Encoding Guide for Early Printed Books

What is Text Encoding?

There are any number of places where you can read about text encoding: the TEI Guidelines, the documentation of good text encoding projects, or articles describing specific practices and approaches. However, most of these sources address the subject at a more practical level, and aim their discussion at people who are already involved in text encoding of some sort. This Guide attempts to take up the subject at a more fundamental level and starts by considering what text encoding is and how it functions as an intellectual activity, from the standpoint of humanities scholars. We identify here several premises that inform current text encoding practices, and consider the critical freight they carry when applied to the kinds of materials scholars work with.

What is data? What is markup?

At its heart, text encoding is a process of transforming a source into data, using markup. This process is analytical, strategic, and interpretive: the resulting data strongly reflects the disciplinary assumptions and motivating goals of the encoder (or of the encoding system being used), and may encapsulate an entire theory of the text. The textual representation captured in the markup may be very complex and full of nuance, or it may be very simple and lacking in descriptive power, but even the dullest and most routine encoding nonetheless represents a perspective on the text: this may be a structural perspective that does not seem very interesting or it may simply say I am not very interested in texts at all.

For purposes of humanistic research, it is useful to think of data as content in which the information needed to accomplish some systematic process or analysis has been represented explicitly by some means, and thereby rendered accessible to the computer. Clearly the domain of data thus defined represents a broad continuum from the barely processable on one end to the highly processable on the other, depending on how extensive and how successful an analysis has gone into the representation. The process could be something as simple and basic as transcription: making explicit the identification of letters and spaces (and in some texts, this might constitute a very significant intervention). It could be something very analytical: e.g. identifying the part of speech of every word (like the encoded materials in the WordHoard project), or creating a database which constitutes a complete lexicon and index for the document (like Roberto Busa’s Index Thomisticus).
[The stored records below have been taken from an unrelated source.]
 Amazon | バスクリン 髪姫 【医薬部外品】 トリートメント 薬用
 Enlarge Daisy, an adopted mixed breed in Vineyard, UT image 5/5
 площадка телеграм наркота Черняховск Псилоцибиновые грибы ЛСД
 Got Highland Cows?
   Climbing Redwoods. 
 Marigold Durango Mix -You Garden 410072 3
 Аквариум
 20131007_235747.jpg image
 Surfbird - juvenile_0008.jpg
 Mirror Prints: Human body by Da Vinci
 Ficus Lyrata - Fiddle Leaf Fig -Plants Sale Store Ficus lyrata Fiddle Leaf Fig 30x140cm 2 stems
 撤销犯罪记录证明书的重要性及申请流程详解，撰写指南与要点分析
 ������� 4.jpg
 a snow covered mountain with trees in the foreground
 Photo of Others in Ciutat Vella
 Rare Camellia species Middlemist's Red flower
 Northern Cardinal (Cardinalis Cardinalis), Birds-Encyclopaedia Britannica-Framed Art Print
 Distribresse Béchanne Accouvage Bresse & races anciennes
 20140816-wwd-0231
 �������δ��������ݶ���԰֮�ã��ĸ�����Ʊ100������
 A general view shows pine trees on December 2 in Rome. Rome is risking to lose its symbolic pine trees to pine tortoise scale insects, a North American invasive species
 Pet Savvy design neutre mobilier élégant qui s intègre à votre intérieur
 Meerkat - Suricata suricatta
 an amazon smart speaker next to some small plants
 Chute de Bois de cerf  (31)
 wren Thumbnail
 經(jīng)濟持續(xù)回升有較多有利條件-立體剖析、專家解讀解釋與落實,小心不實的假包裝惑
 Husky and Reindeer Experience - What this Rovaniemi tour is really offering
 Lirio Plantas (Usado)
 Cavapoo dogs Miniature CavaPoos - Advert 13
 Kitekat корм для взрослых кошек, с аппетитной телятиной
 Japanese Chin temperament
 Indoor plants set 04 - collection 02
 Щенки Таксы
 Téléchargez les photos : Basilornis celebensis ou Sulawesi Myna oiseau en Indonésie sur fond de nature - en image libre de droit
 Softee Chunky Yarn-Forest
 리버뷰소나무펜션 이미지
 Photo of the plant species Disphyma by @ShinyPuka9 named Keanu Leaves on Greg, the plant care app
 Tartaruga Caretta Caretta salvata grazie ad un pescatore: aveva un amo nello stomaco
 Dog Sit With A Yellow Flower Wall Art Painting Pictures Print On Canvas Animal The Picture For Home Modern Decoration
It is often something in between: identifying the major chunks of text (paragraphs, subdivisions, headings, etc.) and the content features (names, dates, bibliographic references, etc.) according to some scheme such as TEI.

Markup is the means by which you make these identifications explicit. In XML (and in other markup systems as well), this is done by means of tags embedded in the text, which are kept distinct from the content by special characters (called delimiters) such as the < and > sign.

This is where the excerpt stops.